Kirk Evans Blog

.NET From a Markup Perspective

Convert CSV to XML

[Update: As Paul Owen notes in the comments to this post, there were issues with the markup as presented in the post.  I removed the formatting and replaced the XSLT to clarify the stylesheet.]

In the SQLXML group on Yahoo! groups, Jonathan Smith asks:

I’m trying to find a way to convert a .csv file to xml using stylesheets and I can’t seem to find anything. I did read about something called fxml or something like that for flat files but I don’t think it’s a standard. Can anyone help me in this regard?

This is certainly doable with XSLT, provided that the data contains characters allowable in XML. If not, you will have some data scrubbing and character escaping to do to represent the same data as XML. In the simple case of “<” characters, this is easily done with character code escapes like &lt;. For high-order values, this is going to require some other scrubbing and character replacement because XSLT cannot transform the data even with character entity references for the characters in unacceptable ranges.

The first order of business is to put a root tag on the data. This will allow us to load the data into a DOM and ensure that the data can be represented as XML.

<root>1,5 main st, ,Cumming, GA, 30040,Kirk Evans
2,13 elm st, ,Anywhere, NJ, 07825,Bob Smith</root>

Once we have an XML document where all of the data is well-formed, we next need to start the transformation process. Logically, we can break the problem into 2 steps. We need to get the rows of data, and then break each row up by its individual fields.
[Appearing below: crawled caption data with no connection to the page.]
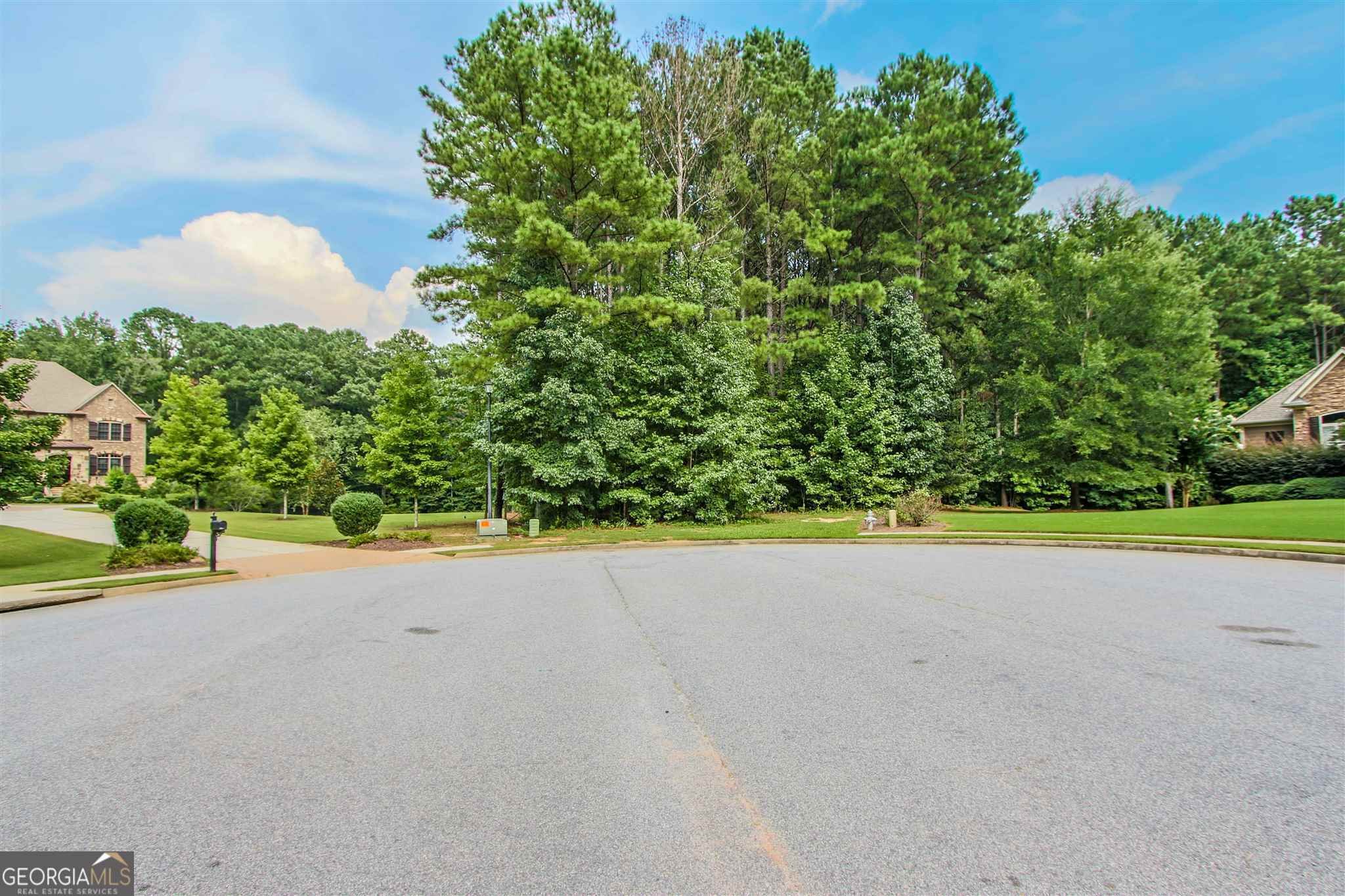 Tyrone, Georgia 30290, United States, ,Land,Pending,17263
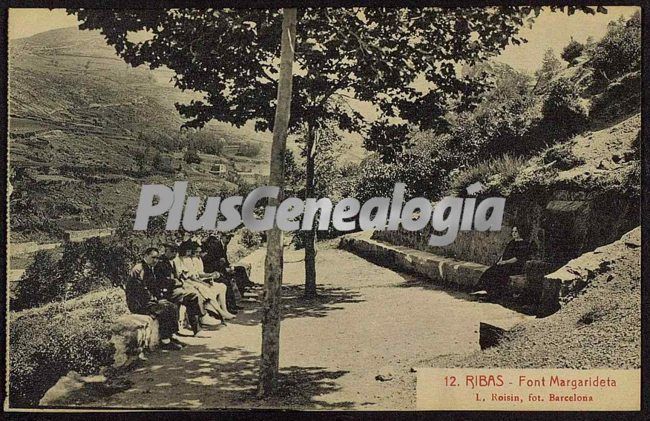 Font margarideta en ribes (girona)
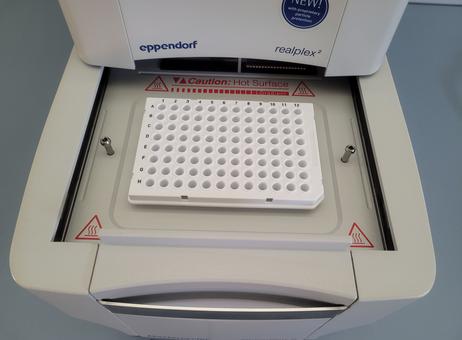 EPPENDORF Mastercycler Ep Gradient s Realplex 2 P231026061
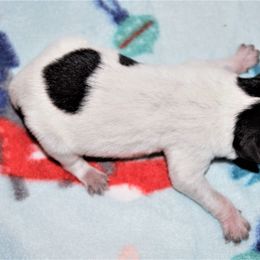 Australian Cattle Dog and Pembroke Welsh Corgi Puppies from Heelers in Texas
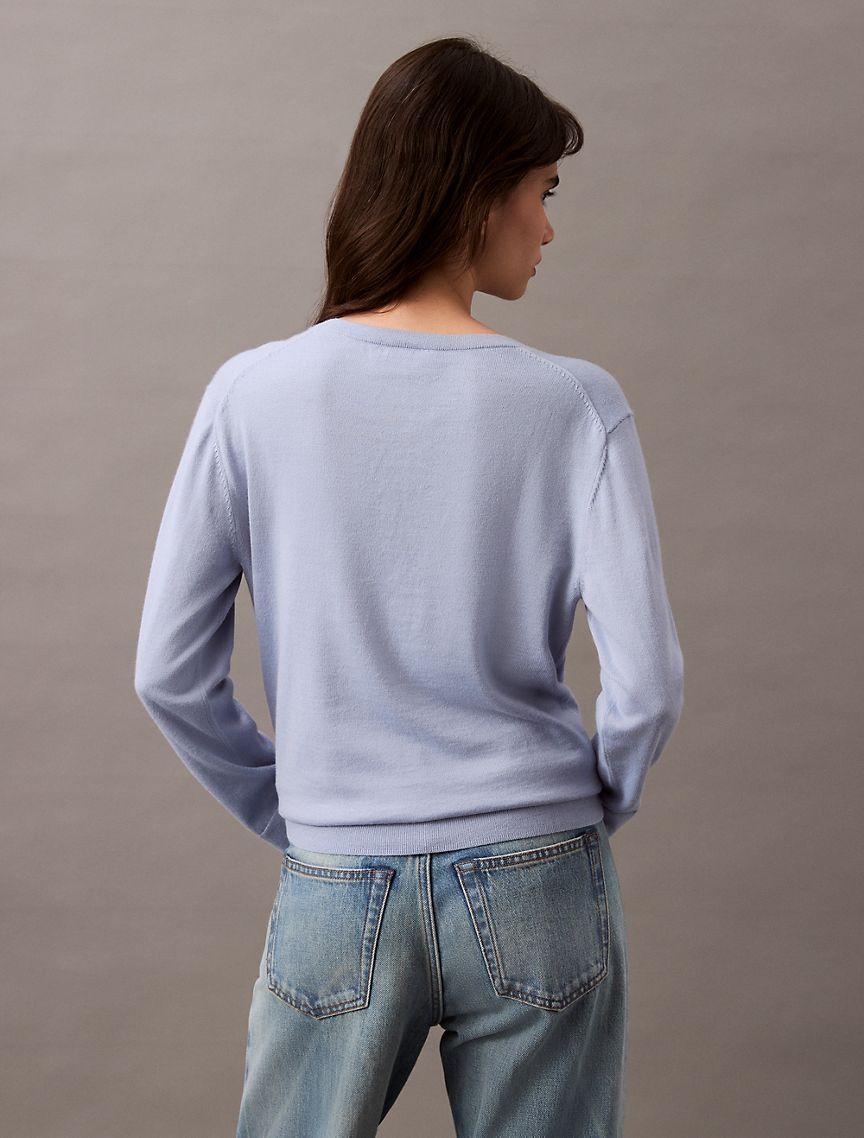 Extra Fine Merino Blend V-Neck Sweater Product Image
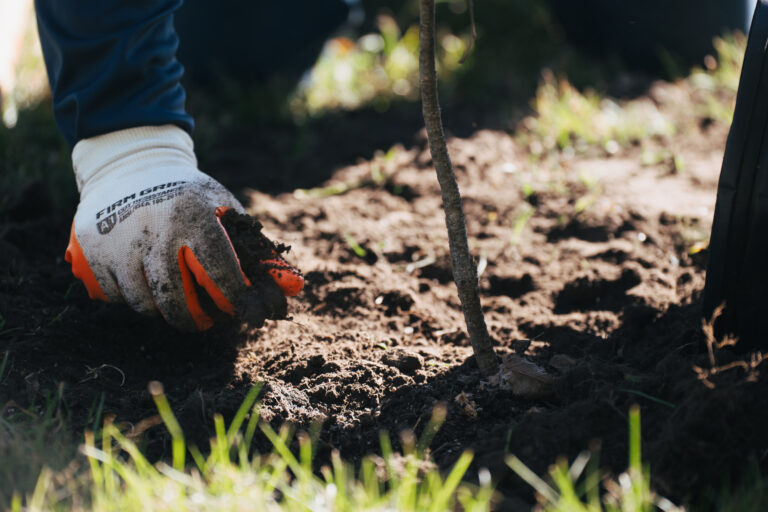 A person wearing garden gloves plants a small tree sapling in soil, with surrounding grass, as part of an initiative supported by Brasfield & Gorrie.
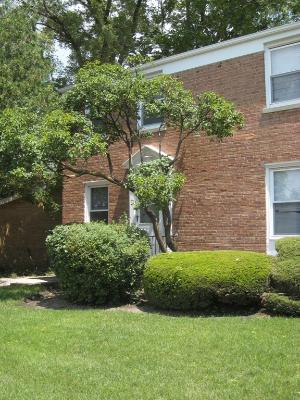623 Waukegan Road Deerfield, IL 60015 - Photo 1 of 16 a front view of a house with garden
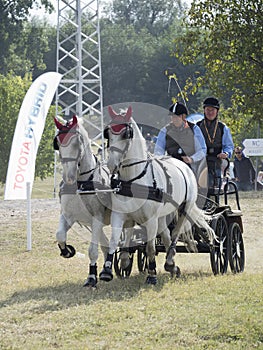 Team of 2 horses Marathon event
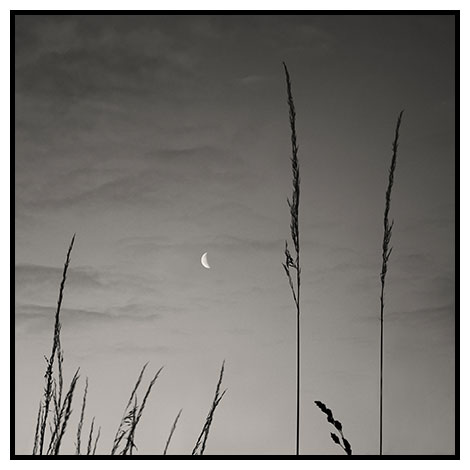 moon tall grass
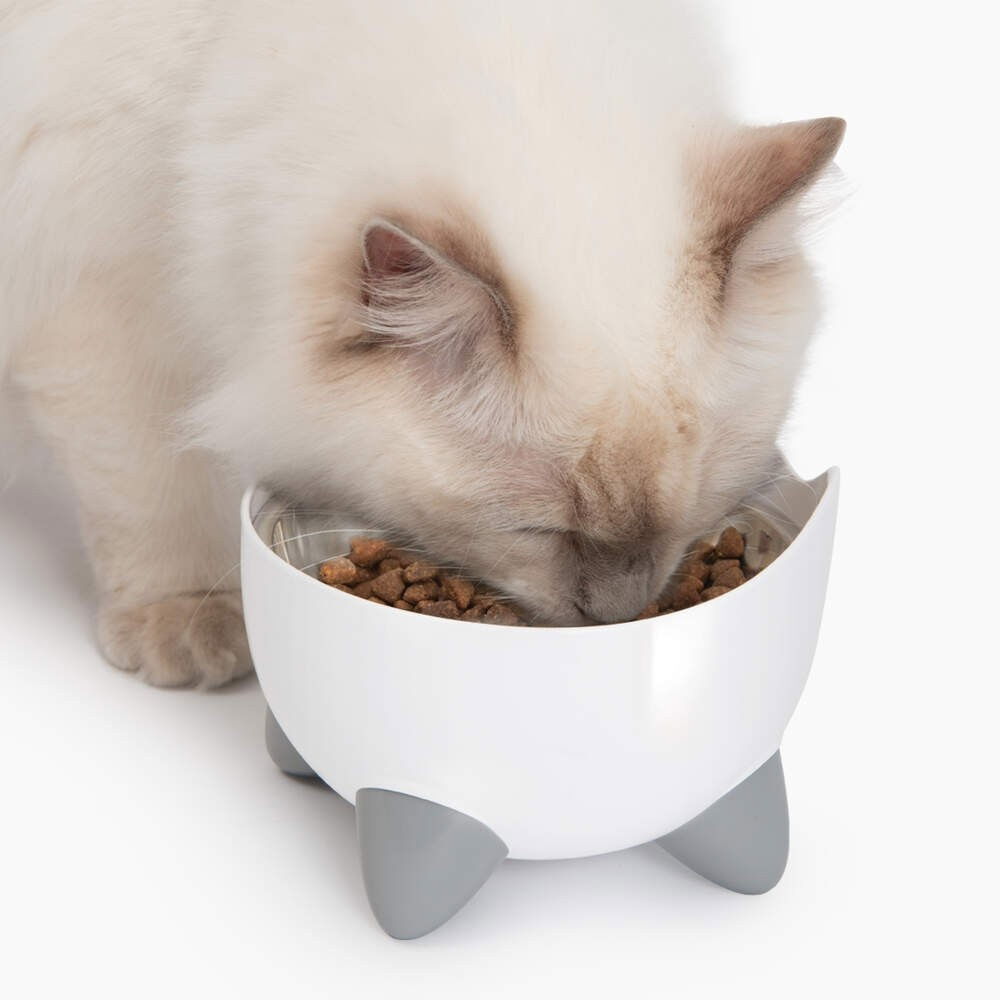 Catit Pixi Combo kit with fountain & elevated bowl white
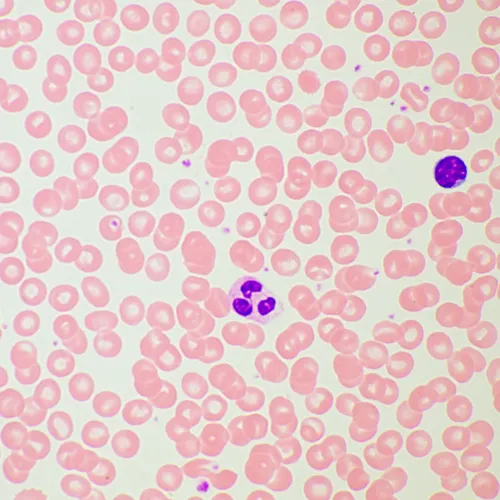 Abbildung MAGUS Bio 260T Biologisches Mikroskop,  21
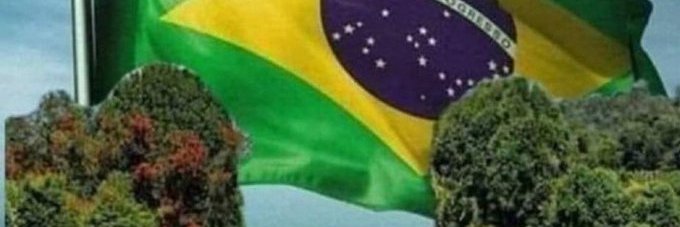 NHP 🇧🇷🇧🇷🇧🇷🇧🇷 banner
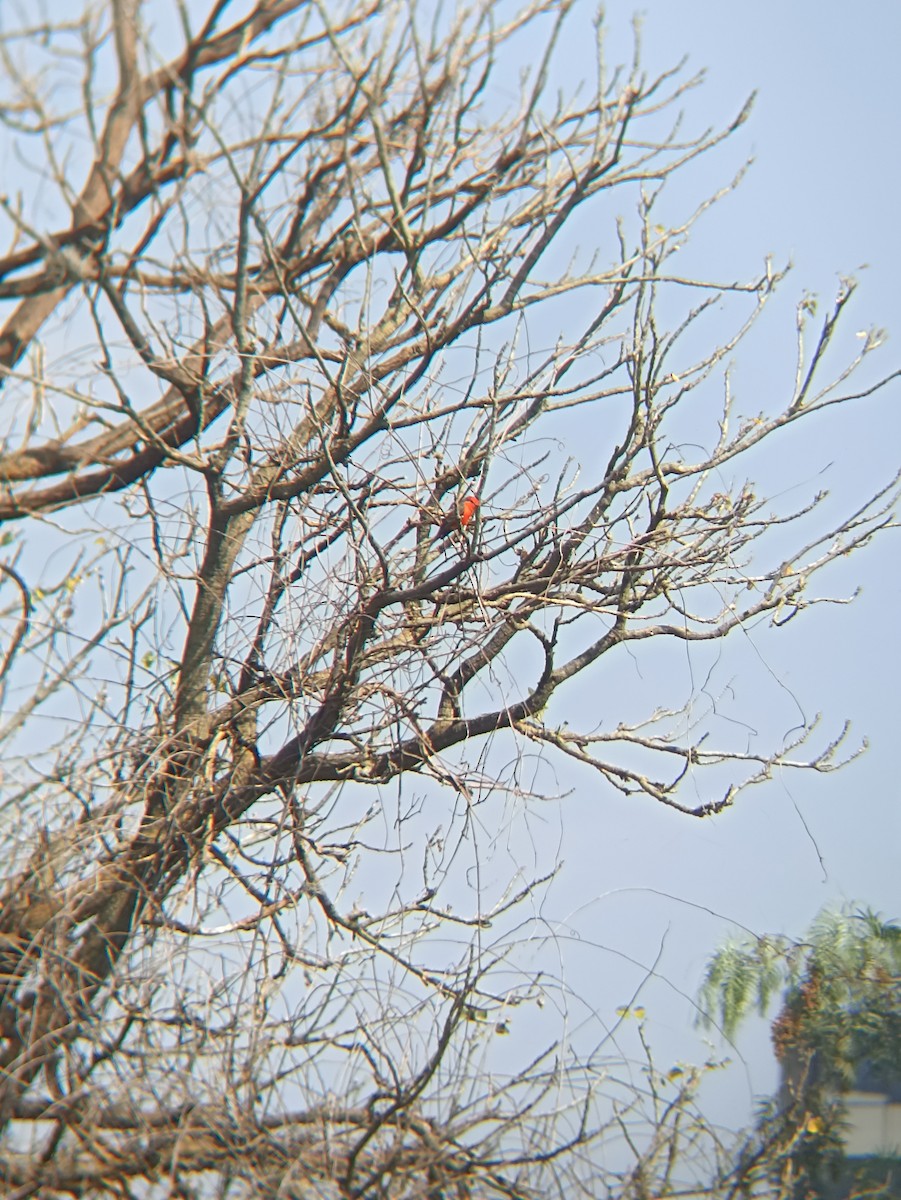 Vermilion Flycatcher (Northern) - ML646797540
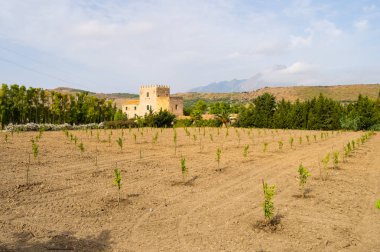 Bir alan olan genç elma ağaçlarının Campofelice di Rossaria Sicilya yakınındaki Garbonogara Kalesi önünde görünümünü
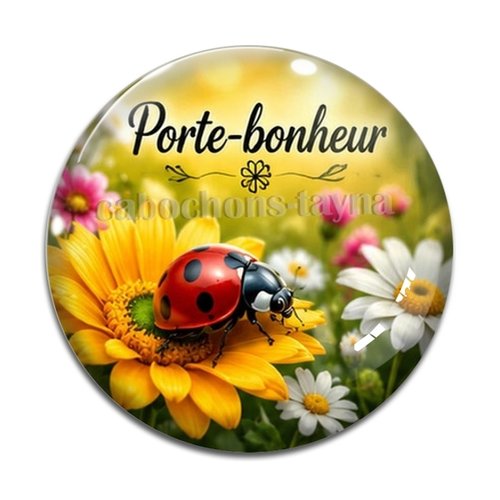 Cabochon porte bonheur, en résine ou en verre différente taille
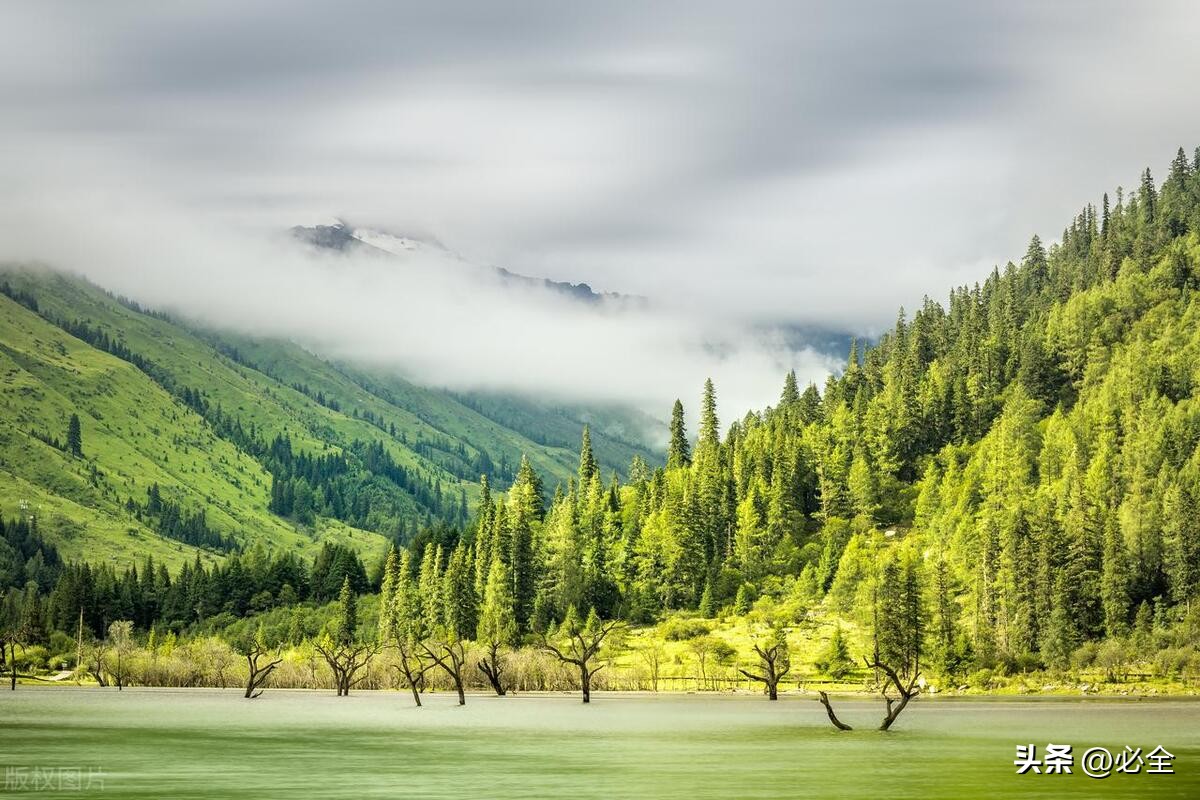 最新林木良种名单图片,林木良种国家认定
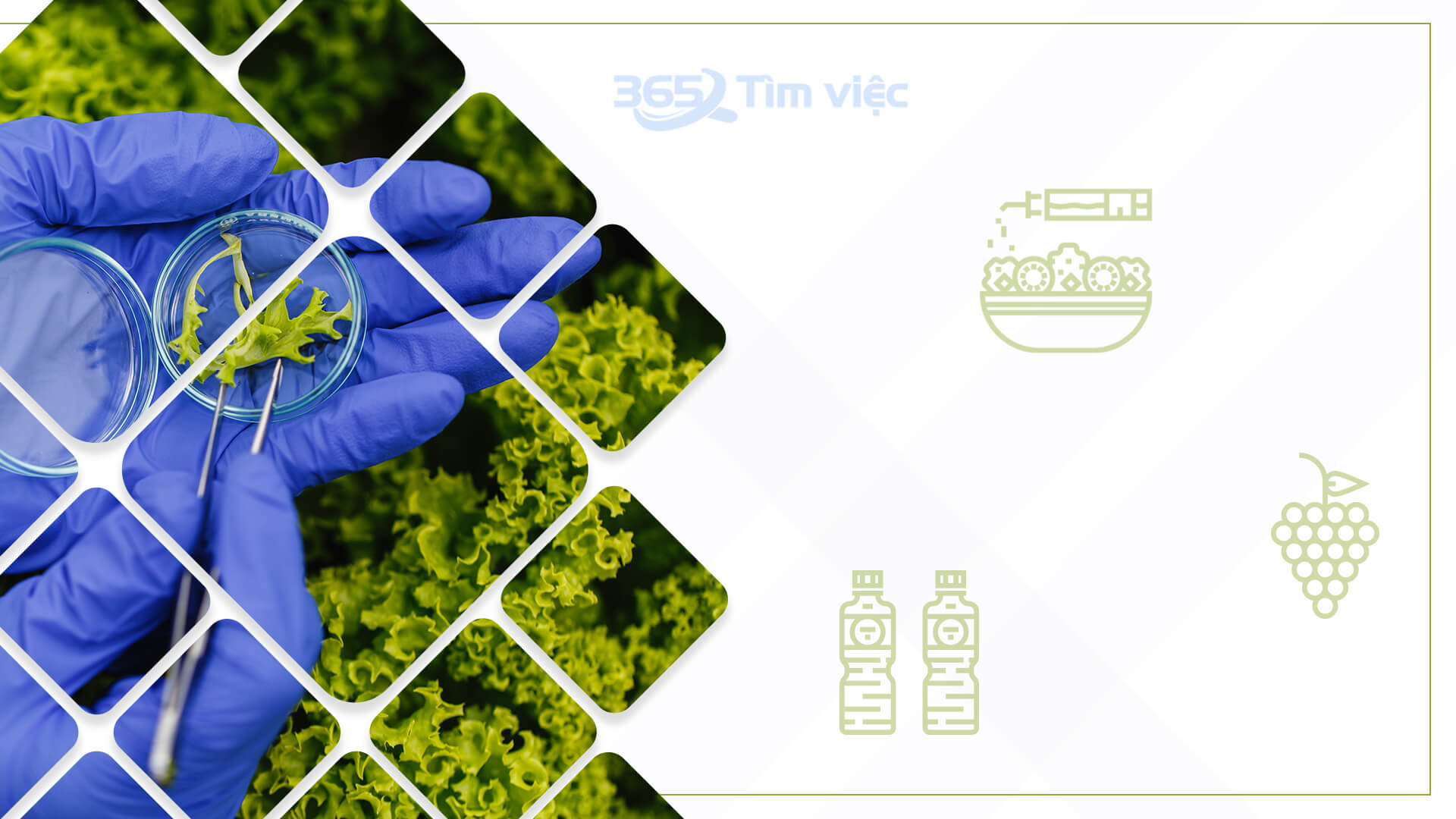 Các quyền lợi mà nhân viên R&D thực phẩm được nhận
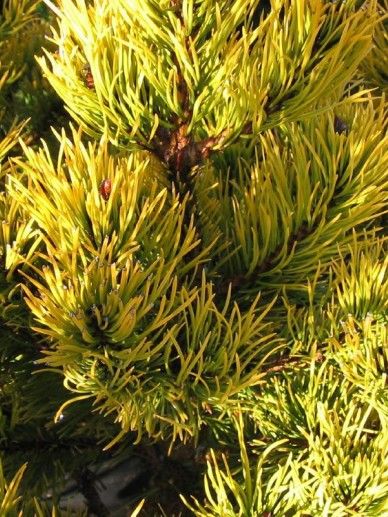 Pinus mugo ‘Carsten Wintergold’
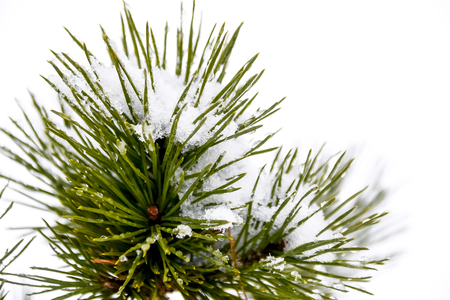 close up a fir cone on a tree, winterの写真素材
The XPath string function substring-before() can be used to grab all of the data before the first carriage return. The function substring-after() can then be used to grab all of the data after the first carriage return. We just call the same function recursively until the string we are processing no longer has any carriage returns, at which point we add the remaining string to the result tree.

 <!– template that actually does the conversion–>
 <xsl:template name =”texttorows” >
  <!– import $StringToTransform–>
  <xsl:param name =”StringToTransform” select =””” />
  <xsl:choose>
   <!– string contains linefeed–>
   <xsl:when test =”contains($StringToTransform,’&#xA;’)” >
    <!– Get everything up to the first carriage return–>
    <row>
     <xsl:call-template name =”csvtoxml” >
      <xsl:with-param name =”StringToTransform” select =”substring-before($StringToTransform,’&#xA;’)” />
     </xsl:call-template>
    </row>
    <!– repeat for the remainder of the original string–>
    <xsl:call-template name =”texttorows” >
     <xsl:with-param name =”StringToTransform” >
      <xsl:value-of select =”substring-after($StringToTransform,’&#xA;’)” />
     </xsl:with-param>
    </xsl:call-template>
   </xsl:when>
   <!– string does not contain newline, so just output it–>
   <xsl:otherwise>
    <row>
     <xsl:call-template name =”csvtoxml” >
      <xsl:with-param name =”StringToTransform” select =”$StringToTransform” />
     </xsl:call-template>
    </row>
   </xsl:otherwise>
  </xsl:choose>
 </xsl:template>

To break up the columns in each row, we go through the same process. Instead of looking for carriage returns, we look for the first comma. We then call ourselves recursively with the rest of the string until the string contains no more commas.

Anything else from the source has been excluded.